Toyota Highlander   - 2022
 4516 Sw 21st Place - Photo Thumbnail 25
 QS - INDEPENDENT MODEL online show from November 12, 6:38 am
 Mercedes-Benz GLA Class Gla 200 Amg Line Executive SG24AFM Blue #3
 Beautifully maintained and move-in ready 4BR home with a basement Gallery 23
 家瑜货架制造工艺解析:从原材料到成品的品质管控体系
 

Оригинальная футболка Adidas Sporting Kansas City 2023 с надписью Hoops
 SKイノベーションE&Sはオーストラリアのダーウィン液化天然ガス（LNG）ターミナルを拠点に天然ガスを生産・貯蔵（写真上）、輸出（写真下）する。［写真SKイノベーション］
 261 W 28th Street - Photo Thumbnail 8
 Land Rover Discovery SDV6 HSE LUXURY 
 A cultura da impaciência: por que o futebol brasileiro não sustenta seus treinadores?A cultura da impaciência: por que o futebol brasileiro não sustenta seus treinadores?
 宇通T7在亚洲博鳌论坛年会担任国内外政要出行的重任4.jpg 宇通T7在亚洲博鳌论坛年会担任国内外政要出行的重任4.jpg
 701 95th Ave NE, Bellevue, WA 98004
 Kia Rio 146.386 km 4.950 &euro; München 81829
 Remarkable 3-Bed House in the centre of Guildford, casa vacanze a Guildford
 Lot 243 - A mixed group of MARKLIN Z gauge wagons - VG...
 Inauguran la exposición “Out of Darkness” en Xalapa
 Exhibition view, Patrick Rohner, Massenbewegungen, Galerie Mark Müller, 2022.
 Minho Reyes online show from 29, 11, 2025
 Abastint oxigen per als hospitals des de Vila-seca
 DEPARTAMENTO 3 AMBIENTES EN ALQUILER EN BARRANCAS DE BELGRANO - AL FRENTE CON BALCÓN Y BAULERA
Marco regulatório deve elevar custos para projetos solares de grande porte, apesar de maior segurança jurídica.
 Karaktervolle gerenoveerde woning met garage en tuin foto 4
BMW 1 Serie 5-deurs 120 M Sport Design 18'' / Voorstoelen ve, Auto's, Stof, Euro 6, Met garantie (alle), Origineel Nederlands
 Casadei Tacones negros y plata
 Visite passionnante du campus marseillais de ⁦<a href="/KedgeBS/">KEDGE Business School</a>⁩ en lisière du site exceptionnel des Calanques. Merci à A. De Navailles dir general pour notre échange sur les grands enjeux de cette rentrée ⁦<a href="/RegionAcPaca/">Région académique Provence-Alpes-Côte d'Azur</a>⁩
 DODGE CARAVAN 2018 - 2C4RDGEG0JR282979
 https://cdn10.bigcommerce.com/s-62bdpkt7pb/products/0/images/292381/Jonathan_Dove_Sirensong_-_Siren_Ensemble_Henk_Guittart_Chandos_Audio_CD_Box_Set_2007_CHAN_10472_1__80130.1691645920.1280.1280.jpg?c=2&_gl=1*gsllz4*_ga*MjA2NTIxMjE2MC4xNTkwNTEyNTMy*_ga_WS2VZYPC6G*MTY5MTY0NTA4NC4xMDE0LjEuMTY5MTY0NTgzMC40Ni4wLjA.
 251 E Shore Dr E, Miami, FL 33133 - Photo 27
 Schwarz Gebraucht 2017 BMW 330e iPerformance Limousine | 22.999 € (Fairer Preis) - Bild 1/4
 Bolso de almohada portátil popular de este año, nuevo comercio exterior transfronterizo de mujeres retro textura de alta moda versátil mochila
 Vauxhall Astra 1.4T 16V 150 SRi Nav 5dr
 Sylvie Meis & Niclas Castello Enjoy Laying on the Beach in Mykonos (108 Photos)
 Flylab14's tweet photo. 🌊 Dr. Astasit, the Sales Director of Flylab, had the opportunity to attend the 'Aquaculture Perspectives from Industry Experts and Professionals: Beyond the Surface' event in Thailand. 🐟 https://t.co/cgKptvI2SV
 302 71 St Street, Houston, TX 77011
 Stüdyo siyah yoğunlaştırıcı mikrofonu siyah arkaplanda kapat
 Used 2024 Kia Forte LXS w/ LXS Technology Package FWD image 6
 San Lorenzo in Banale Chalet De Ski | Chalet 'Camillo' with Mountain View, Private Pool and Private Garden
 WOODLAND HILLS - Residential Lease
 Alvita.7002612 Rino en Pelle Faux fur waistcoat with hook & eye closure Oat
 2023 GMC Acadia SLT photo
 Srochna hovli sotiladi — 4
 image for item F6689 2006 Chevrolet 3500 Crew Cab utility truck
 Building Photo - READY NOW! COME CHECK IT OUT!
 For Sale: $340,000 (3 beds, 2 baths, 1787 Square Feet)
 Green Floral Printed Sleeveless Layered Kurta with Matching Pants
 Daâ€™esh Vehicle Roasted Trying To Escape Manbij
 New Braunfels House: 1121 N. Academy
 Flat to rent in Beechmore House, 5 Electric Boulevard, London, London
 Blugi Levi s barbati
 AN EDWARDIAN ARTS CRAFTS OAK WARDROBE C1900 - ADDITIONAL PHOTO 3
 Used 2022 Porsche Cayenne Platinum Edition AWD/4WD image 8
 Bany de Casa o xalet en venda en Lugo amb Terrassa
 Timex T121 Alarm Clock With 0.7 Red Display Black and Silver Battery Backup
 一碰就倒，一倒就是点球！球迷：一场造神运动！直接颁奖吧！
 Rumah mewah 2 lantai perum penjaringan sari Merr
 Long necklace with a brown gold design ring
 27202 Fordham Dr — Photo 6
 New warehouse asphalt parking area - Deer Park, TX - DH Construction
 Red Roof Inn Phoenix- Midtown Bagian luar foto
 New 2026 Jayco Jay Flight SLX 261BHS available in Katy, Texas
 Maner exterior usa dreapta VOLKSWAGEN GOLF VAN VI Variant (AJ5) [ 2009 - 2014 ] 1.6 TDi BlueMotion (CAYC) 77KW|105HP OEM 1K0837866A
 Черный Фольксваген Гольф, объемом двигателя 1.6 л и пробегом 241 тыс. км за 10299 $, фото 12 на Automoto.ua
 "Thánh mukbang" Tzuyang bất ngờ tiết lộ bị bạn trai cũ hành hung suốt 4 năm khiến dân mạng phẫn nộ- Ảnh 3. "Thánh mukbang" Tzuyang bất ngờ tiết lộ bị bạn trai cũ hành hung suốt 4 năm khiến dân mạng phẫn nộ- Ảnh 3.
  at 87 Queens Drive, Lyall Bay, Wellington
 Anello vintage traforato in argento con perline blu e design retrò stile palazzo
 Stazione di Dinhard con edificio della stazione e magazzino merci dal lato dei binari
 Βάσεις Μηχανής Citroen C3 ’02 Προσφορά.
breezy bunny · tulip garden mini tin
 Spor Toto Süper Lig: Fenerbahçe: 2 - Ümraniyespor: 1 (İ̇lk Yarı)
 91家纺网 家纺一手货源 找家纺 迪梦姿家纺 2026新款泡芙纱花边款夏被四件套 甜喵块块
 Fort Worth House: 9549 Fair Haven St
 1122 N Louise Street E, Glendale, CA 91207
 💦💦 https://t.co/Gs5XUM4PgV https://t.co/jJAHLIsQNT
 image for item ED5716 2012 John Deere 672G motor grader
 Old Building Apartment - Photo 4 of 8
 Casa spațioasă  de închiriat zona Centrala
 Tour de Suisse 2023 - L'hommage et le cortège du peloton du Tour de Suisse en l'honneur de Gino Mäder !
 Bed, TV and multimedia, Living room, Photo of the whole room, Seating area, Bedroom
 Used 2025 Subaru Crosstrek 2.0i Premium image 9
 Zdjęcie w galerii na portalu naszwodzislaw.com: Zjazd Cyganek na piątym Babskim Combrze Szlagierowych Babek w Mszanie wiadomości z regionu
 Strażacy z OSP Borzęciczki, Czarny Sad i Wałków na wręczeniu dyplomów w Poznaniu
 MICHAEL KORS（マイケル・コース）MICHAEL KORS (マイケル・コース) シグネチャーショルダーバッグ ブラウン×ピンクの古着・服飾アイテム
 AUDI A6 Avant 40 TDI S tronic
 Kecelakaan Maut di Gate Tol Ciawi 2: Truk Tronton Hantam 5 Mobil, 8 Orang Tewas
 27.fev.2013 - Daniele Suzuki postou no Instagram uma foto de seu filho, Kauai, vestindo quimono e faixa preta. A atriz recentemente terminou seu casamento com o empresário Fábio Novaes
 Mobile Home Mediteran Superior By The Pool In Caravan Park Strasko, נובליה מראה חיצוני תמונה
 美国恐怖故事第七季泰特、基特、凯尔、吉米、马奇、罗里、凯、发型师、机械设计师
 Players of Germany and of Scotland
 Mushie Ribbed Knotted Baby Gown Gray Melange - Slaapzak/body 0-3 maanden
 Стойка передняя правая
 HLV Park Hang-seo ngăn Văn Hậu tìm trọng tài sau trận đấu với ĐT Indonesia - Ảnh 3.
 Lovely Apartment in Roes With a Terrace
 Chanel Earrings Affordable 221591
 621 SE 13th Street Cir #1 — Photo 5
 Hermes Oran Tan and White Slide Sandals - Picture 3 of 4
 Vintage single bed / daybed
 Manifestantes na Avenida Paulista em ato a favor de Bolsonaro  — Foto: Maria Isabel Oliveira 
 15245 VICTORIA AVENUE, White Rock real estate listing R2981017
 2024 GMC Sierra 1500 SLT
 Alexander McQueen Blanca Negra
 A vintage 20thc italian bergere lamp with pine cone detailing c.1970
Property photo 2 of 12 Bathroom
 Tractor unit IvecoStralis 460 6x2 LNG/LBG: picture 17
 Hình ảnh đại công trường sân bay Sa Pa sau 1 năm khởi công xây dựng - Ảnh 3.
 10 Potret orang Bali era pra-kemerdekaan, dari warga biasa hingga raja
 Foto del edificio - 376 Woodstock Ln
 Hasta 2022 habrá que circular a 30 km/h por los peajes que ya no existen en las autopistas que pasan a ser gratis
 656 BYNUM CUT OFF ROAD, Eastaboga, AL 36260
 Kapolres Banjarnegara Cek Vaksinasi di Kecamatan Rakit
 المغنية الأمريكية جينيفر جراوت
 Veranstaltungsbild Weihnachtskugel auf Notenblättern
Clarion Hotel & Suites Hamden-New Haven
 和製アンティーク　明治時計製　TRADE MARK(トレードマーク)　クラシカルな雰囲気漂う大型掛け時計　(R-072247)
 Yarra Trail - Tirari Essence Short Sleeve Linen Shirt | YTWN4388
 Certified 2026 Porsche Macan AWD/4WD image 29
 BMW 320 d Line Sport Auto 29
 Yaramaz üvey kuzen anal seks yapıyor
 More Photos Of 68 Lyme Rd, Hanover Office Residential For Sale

_____

| What this task involves |
Return, line for line and unchanged, the data from its first line through the line containing "家瑜货架制造工艺解析:从原材料到成品的品质管控体系".

| Response to this exercise |
Toyota Highlander   - 2022
 4516 Sw 21st Place - Photo Thumbnail 25
 QS - INDEPENDENT MODEL online show from November 12, 6:38 am
 Mercedes-Benz GLA Class Gla 200 Amg Line Executive SG24AFM Blue #3
 Beautifully maintained and move-in ready 4BR home with a basement Gallery 23
 家瑜货架制造工艺解析:从原材料到成品的品质管控体系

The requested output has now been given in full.